TASK INPUT
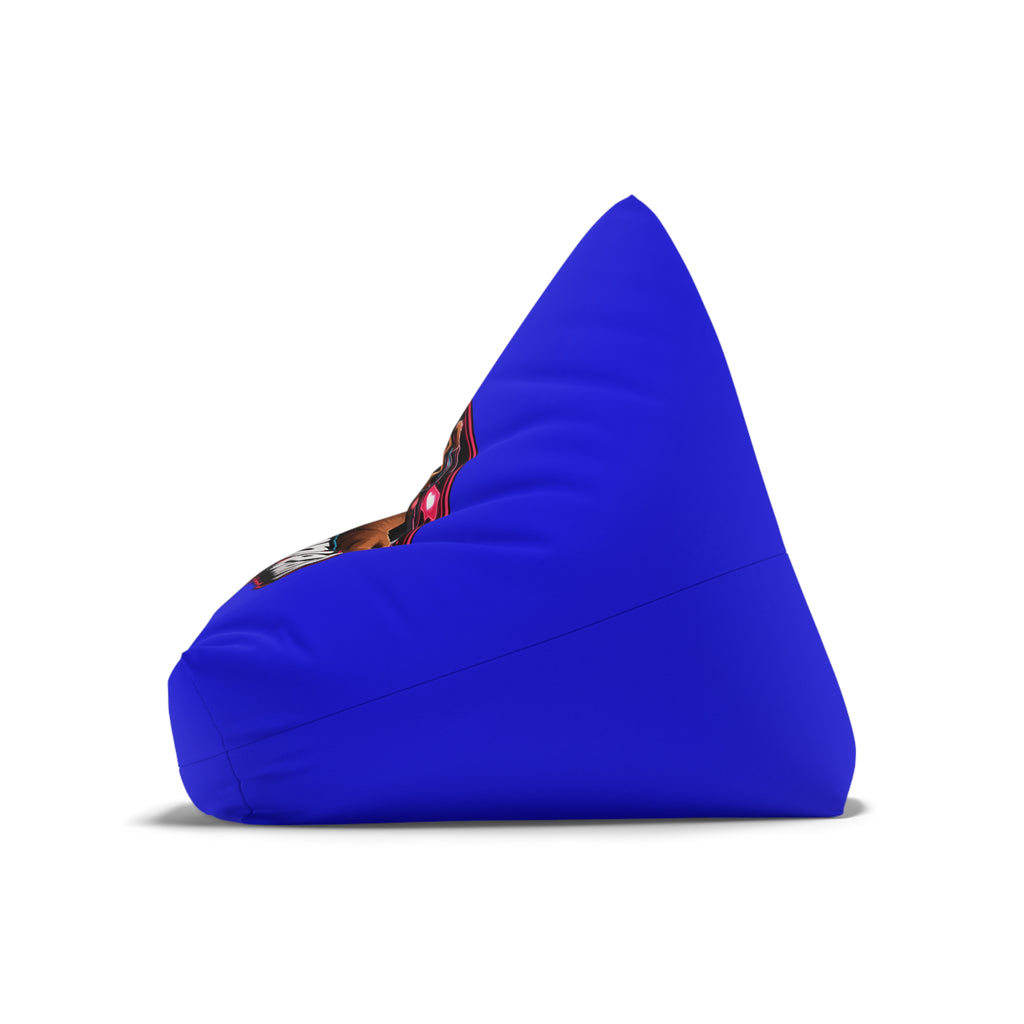Bean Bag Cover — Blue Gamer Bear Logo Comfort Chair Cover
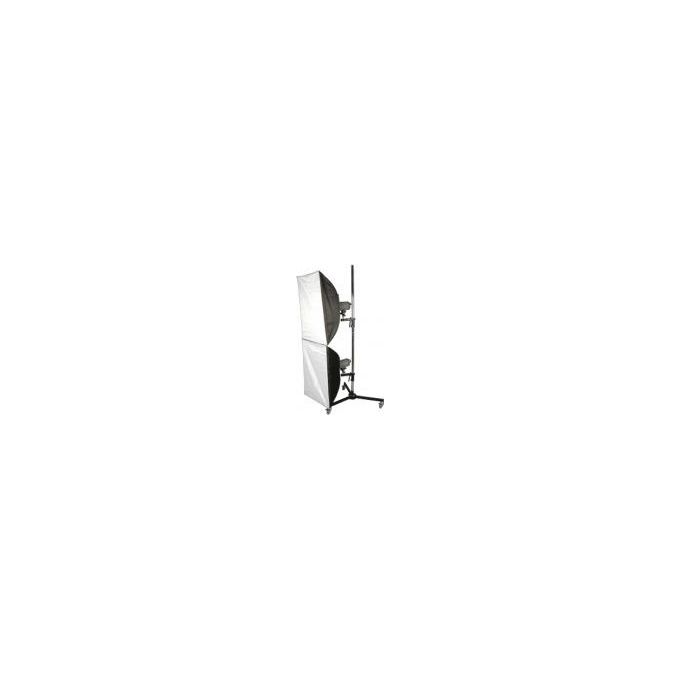 Walimex 15803 Kit di Fissaggio con Capacita' Massima 12 Kg Peso 11 Kg Altezza 2000 mm Profondita' 70 mm colore Nero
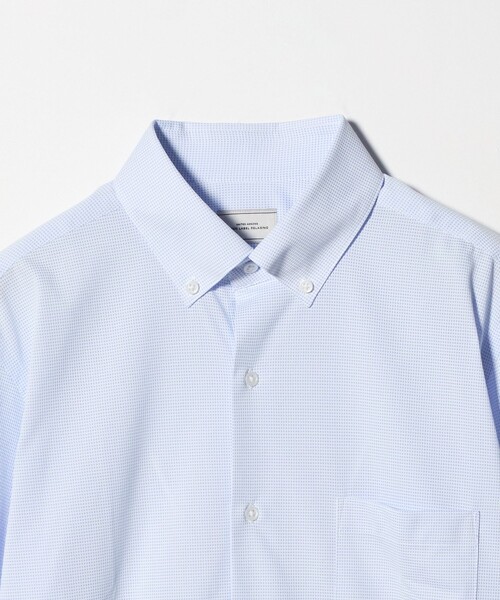 green label relaxing（グリーンレーベルリラクシング）の「ドット ジャージー ボタンダウン ドレスシャツ -ストレッチ・イージーアイロン・吸水速乾・抗菌-（ビジネスシャツ・メンズ・ライトブルー/ライラック/ネイビー・XL/S/L/M）」の16枚目の写真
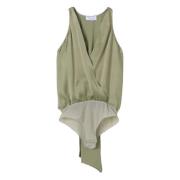 Satijnen Strik Body Blumarine , Green , Dames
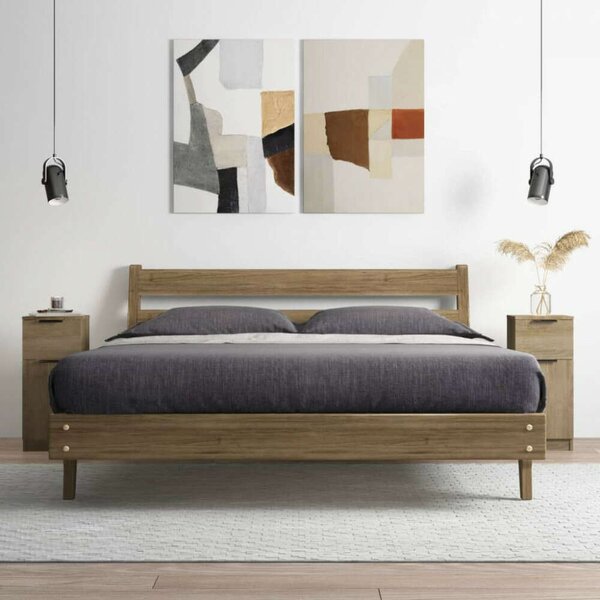 VidaXL 2 db sonoma tölgy színű szerelt fa tálalószekrény 30x30x70 cm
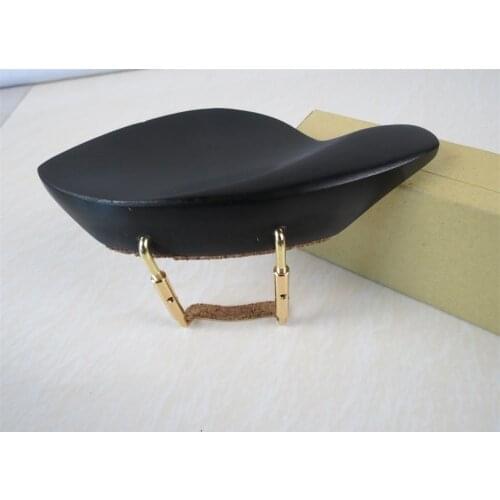 1pcs new type ebony violin chinrest 4/4 with connection clamp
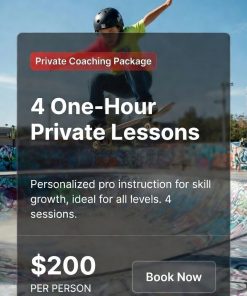 Private Lessons - 4 pack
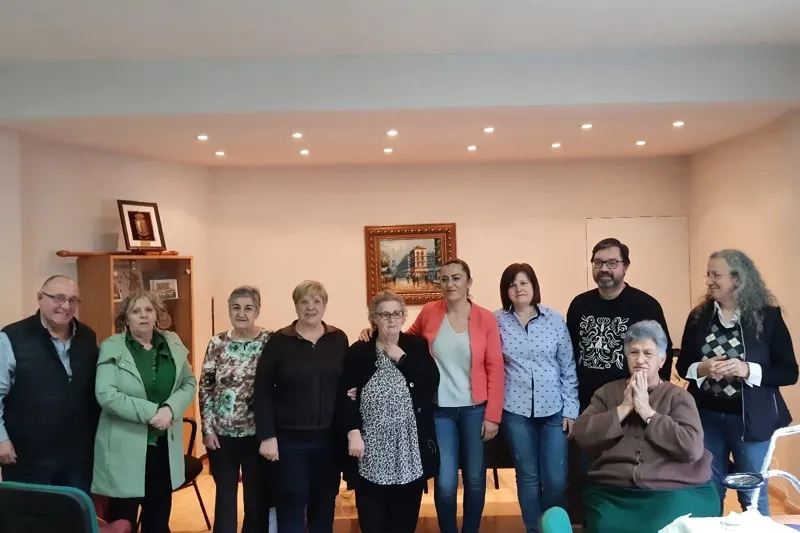 Virginia Barcones ha visitado Villoruela este miércoles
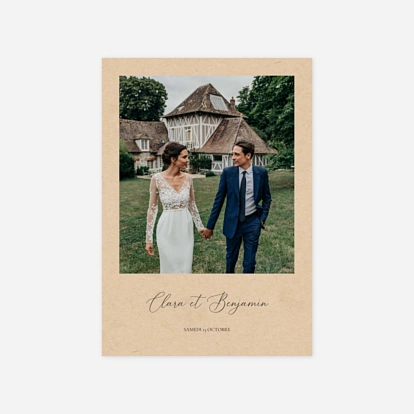 Carte de remerciements Notre lieu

WHAT YOU WILL DO
Copy only the part of the records that runs from the first line to the line with "Satijnen Strik Body", ends included, leaving pictures out.

SOLUTION
Bean Bag Cover — Blue Gamer Bear Logo Comfort Chair Cover
 Walimex 15803 Kit di Fissaggio con Capacita' Massima 12 Kg Peso 11 Kg Altezza 2000 mm Profondita' 70 mm colore Nero
 green label relaxing（グリーンレーベルリラクシング）の「ドット ジャージー ボタンダウン ドレスシャツ -ストレッチ・イージーアイロン・吸水速乾・抗菌-（ビジネスシャツ・メンズ・ライトブルー/ライラック/ネイビー・XL/S/L/M）」の16枚目の写真
 Satijnen Strik Body Blumarine , Green , Dames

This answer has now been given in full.